By J.R. Skrabanek
Have you texted your customers lately? Did you acquire their express written consent beforehand? With the increased use of smart phones, many businesses are adjusting their marketing techniques to connect with their customers via text message. They may unwittingly be placing themselves directly in the line of fire of costly non-compliance litigation related to an obscure law known as the Telephone Consumer Protection Act, or TCPA.
What Is the TCPA?
The TCPA was passed by Congress in 1991. The law significantly limits the use of automatic dialing systems, artificial or prerecorded voice messages and automatic text messages by business directly contacting consumers. Significant fines have been levied against Capital One for $75 million; JPMorgan Chase for $34 million; AT&T for $45 million; MetLife for $23 million; Bank of America for $32 million; Papa John’s Pizza for $16 million and Walgreen’s for $11 million. The TCPA grants the Federal Communications Commission the authority to create and interpret additional rules necessary to its enforcement.
In 2012, the FCC revised its rules to require companies to obtain “prior express consent” from consumers before automatically dialing or texting them. Businesses can no longer cite to a prior “established business relationship” as the basis for consumer consent. More recently, the FCC ruled that businesses must present consumers with an opt-out mechanism. As of October 2013, prior consent can only be in writing. Furthermore, consumers can revoke consent at “any time and through any reasonable means.”
Ignorance Is No Excuse
The TCPA is a strict liability statute. This means a company is liable even if it does not intend to violate the statute. An individual who has not provided consent may sue for each separate violation of the TCPA. Consumers are entitled to $500 per violation or up to $1,500 if the consumer can show the violation occurred “knowingly.” Courts have struggled with the question of when violations occur “knowingly” but have consistently ruled that if consumers inform a company that they no longer wish to be contacted, each violation thereafter necessarily occurs knowingly.
The TCPA does not cap damages. For example, if a business texts 1,000 consumers without their prior consent exactly ten times each, the consumers would be entitled to $5 million in a class action suit.

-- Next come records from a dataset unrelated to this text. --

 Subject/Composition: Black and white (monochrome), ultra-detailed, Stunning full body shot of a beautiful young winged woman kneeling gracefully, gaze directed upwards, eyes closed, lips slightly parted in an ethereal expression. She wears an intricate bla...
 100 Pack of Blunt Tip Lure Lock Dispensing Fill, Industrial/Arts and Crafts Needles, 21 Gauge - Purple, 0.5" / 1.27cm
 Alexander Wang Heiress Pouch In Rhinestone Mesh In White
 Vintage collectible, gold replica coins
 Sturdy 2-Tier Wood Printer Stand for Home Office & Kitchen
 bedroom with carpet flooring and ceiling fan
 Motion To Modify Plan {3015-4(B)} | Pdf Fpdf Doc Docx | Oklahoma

The Dangers Of Non-Compliance
More companies are turning to automated systems to text their customers. Originally envisioned to target only telemarketers, the TCPA has morphed into a much broader and more ubiquitous regulation. Now, through the FCC’s broad interpretation, the TCPA applies to all businesses using automatic systems to contact their customers. Companies not in compliance can face stiff fines. In addition, by current estimates, over 100,000 cell phone numbers are reassigned every day. Where a company once had prior express written consent, consent may vanish if a new customer takes over an old customer’s phone number. Furthermore, the FCC ruled in 2013, parties may be held vicariously liable for the actions of their third-party telemarketers. Thus, TCPA compliance is largely inescapable for companies wishing to contact their customers on cell phones through nearly any sort of automatic system.

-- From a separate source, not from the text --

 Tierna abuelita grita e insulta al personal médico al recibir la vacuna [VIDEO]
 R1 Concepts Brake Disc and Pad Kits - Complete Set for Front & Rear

TCPA Lawsuits Are On The Rise
Industry analysts have called the TCPA “a juggernaut for class-action lawyers across the country.” For the third consecutive year, TCPA cases are the second most-filed claim in federal courts nationwide. In 2007, there were 14 TCPA claims against the credit and collections industry; by 2010, there were 354; in 2012, there were more than 1,000; and in 2015, a whopping 3,710 claims were filed. This represents a 26,000 percent increase in just eight years. Some advocates are calling for reforming a statute that was not intended to apply so broadly, but Congress must act first, which takes time and political will.
Insurance May Not Cover A TCPA Claim
Typically, a company’s Commercial General Liability (“CGL”) policy will protect the company against its negligent acts. CGL holders have sought coverage for TCPA claims under their “advertising injury” provisions, which are typically included in CGL policies and normally cover injuries that violate an individual’s right to privacy. However, some courts have excluded TCPA coverage based on a more narrow interpretation of the definition of privacy; these courts have held that only injuries to the right to secrecy are covered (as opposed to the right to seclusion). More commonly, insurance carriers are explicitly excluding TCPA coverage from newer policies altogether. As a result, many companies are seeking coverage under their Errors & Omissions (“E&O”) policies, arguing that the claims are the direct result of executive decisions. Still, courts have reached conflicting decisions whether TCPA claims are covered by E&O insurance. The bottom line . . . companies may not be covered.
The TCPA is a favorite for plaintiffs’ consumer class action attorneys. With no damage caps, a relatively small, unwittingly non-compliant business could face severe consequences that could put it out of business. The FCC has consistently broadened its interpretation of the statute and consumers’ right to avoid receiving automatically dialed calls and texts without prior permission. Any business wishing to employ its own or a third-party telemarketing arm should carefully weigh the costs and benefits of such a decision. If the company deems regular automated contact with cell phone subscribers is in the company’s best interests, it should precisely craft its policies to ensure its customers give prior consent and have a clear opt-out mechanism.